**Exercise objective**
From top to bottom, reproduce the listing without a single change.

**Record excerpts**
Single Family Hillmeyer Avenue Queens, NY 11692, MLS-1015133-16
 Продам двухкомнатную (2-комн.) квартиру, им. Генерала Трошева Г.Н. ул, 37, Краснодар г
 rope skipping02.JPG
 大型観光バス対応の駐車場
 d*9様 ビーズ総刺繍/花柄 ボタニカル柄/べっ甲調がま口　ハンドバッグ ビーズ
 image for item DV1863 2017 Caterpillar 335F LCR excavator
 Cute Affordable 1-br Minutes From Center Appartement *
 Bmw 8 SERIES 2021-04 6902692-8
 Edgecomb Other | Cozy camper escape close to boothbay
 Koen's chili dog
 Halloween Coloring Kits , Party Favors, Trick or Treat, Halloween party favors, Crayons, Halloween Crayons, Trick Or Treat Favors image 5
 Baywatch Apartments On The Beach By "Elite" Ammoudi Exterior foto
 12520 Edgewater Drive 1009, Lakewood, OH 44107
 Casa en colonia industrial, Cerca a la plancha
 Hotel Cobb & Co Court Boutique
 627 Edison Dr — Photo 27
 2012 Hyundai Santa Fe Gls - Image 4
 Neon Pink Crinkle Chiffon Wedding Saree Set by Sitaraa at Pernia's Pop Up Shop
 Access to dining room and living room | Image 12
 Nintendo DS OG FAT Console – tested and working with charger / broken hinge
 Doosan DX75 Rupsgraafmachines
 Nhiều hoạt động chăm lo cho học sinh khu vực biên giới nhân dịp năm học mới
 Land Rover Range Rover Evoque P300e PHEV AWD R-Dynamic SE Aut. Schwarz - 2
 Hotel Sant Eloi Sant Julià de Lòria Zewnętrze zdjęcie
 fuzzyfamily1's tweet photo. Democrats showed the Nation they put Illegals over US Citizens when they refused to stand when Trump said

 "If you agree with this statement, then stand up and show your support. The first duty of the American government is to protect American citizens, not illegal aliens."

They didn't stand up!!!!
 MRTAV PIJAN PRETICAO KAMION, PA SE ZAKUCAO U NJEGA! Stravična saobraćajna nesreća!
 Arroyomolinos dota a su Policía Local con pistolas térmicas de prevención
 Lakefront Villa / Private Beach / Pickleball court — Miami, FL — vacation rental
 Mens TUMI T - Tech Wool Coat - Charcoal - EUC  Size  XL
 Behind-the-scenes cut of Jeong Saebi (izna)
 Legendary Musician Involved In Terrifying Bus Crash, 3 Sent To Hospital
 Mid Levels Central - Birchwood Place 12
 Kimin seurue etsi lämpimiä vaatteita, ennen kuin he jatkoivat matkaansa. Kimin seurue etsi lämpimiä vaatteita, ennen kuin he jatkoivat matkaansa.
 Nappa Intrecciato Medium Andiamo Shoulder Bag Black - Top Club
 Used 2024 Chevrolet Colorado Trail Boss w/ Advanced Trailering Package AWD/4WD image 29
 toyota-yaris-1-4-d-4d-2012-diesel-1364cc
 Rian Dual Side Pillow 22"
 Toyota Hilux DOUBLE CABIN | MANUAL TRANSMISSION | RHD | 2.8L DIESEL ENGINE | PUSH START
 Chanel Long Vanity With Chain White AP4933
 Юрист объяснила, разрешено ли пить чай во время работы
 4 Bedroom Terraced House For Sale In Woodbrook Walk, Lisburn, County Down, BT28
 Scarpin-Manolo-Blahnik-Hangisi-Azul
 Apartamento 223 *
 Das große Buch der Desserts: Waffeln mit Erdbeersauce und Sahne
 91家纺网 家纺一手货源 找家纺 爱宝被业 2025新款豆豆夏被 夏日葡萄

**Answer box**
Single Family Hillmeyer Avenue Queens, NY 11692, MLS-1015133-16
 Продам двухкомнатную (2-комн.) квартиру, им. Генерала Трошева Г.Н. ул, 37, Краснодар г
 rope skipping02.JPG
 大型観光バス対応の駐車場
 d*9様 ビーズ総刺繍/花柄 ボタニカル柄/べっ甲調がま口　ハンドバッグ ビーズ
 image for item DV1863 2017 Caterpillar 335F LCR excavator
 Cute Affordable 1-br Minutes From Center Appartement *
 Bmw 8 SERIES 2021-04 6902692-8
 Edgecomb Other | Cozy camper escape close to boothbay
 Koen's chili dog
 Halloween Coloring Kits , Party Favors, Trick or Treat, Halloween party favors, Crayons, Halloween Crayons, Trick Or Treat Favors image 5
 Baywatch Apartments On The Beach By "Elite" Ammoudi Exterior foto
 12520 Edgewater Drive 1009, Lakewood, OH 44107
 Casa en colonia industrial, Cerca a la plancha
 Hotel Cobb & Co Court Boutique
 627 Edison Dr — Photo 27
 2012 Hyundai Santa Fe Gls - Image 4
 Neon Pink Crinkle Chiffon Wedding Saree Set by Sitaraa at Pernia's Pop Up Shop
 Access to dining room and living room | Image 12
 Nintendo DS OG FAT Console – tested and working with charger / broken hinge
 Doosan DX75 Rupsgraafmachines
 Nhiều hoạt động chăm lo cho học sinh khu vực biên giới nhân dịp năm học mới
 Land Rover Range Rover Evoque P300e PHEV AWD R-Dynamic SE Aut. Schwarz - 2
 Hotel Sant Eloi Sant Julià de Lòria Zewnętrze zdjęcie
 fuzzyfamily1's tweet photo. Democrats showed the Nation they put Illegals over US Citizens when they refused to stand when Trump said

 "If you agree with this statement, then stand up and show your support. The first duty of the American government is to protect American citizens, not illegal aliens."

They didn't stand up!!!!
 MRTAV PIJAN PRETICAO KAMION, PA SE ZAKUCAO U NJEGA! Stravična saobraćajna nesreća!
 Arroyomolinos dota a su Policía Local con pistolas térmicas de prevención
 Lakefront Villa / Private Beach / Pickleball court — Miami, FL — vacation rental
 Mens TUMI T - Tech Wool Coat - Charcoal - EUC  Size  XL
 Behind-the-scenes cut of Jeong Saebi (izna)
 Legendary Musician Involved In Terrifying Bus Crash, 3 Sent To Hospital
 Mid Levels Central - Birchwood Place 12
 Kimin seurue etsi lämpimiä vaatteita, ennen kuin he jatkoivat matkaansa. Kimin seurue etsi lämpimiä vaatteita, ennen kuin he jatkoivat matkaansa.
 Nappa Intrecciato Medium Andiamo Shoulder Bag Black - Top Club
 Used 2024 Chevrolet Colorado Trail Boss w/ Advanced Trailering Package AWD/4WD image 29
 toyota-yaris-1-4-d-4d-2012-diesel-1364cc
 Rian Dual Side Pillow 22"
 Toyota Hilux DOUBLE CABIN | MANUAL TRANSMISSION | RHD | 2.8L DIESEL ENGINE | PUSH START
 Chanel Long Vanity With Chain White AP4933
 Юрист объяснила, разрешено ли пить чай во время работы
 4 Bedroom Terraced House For Sale In Woodbrook Walk, Lisburn, County Down, BT28
 Scarpin-Manolo-Blahnik-Hangisi-Azul
 Apartamento 223 *
 Das große Buch der Desserts: Waffeln mit Erdbeersauce und Sahne
 91家纺网 家纺一手货源 找家纺 爱宝被业 2025新款豆豆夏被 夏日葡萄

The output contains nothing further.